─── RECORDS PROVIDED

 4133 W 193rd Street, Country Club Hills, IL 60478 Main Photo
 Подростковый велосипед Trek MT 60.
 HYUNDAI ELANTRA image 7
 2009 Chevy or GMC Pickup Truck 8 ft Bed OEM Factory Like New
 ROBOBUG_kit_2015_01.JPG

──────
─── RECORDS PROVIDED

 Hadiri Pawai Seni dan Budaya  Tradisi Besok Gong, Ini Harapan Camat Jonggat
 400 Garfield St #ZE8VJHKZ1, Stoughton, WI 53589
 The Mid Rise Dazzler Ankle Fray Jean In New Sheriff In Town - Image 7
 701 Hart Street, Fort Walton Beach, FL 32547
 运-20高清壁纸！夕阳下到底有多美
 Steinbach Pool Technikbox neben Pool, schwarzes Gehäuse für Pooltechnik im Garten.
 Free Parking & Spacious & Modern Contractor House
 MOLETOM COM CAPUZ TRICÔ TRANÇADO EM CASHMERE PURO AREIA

──────

→ **TASK DIRECTIONS**
Wherever a line above includes the string "Street", count it; give only the final tally.

→ **OUTPUT OF THE EXERCISE**
2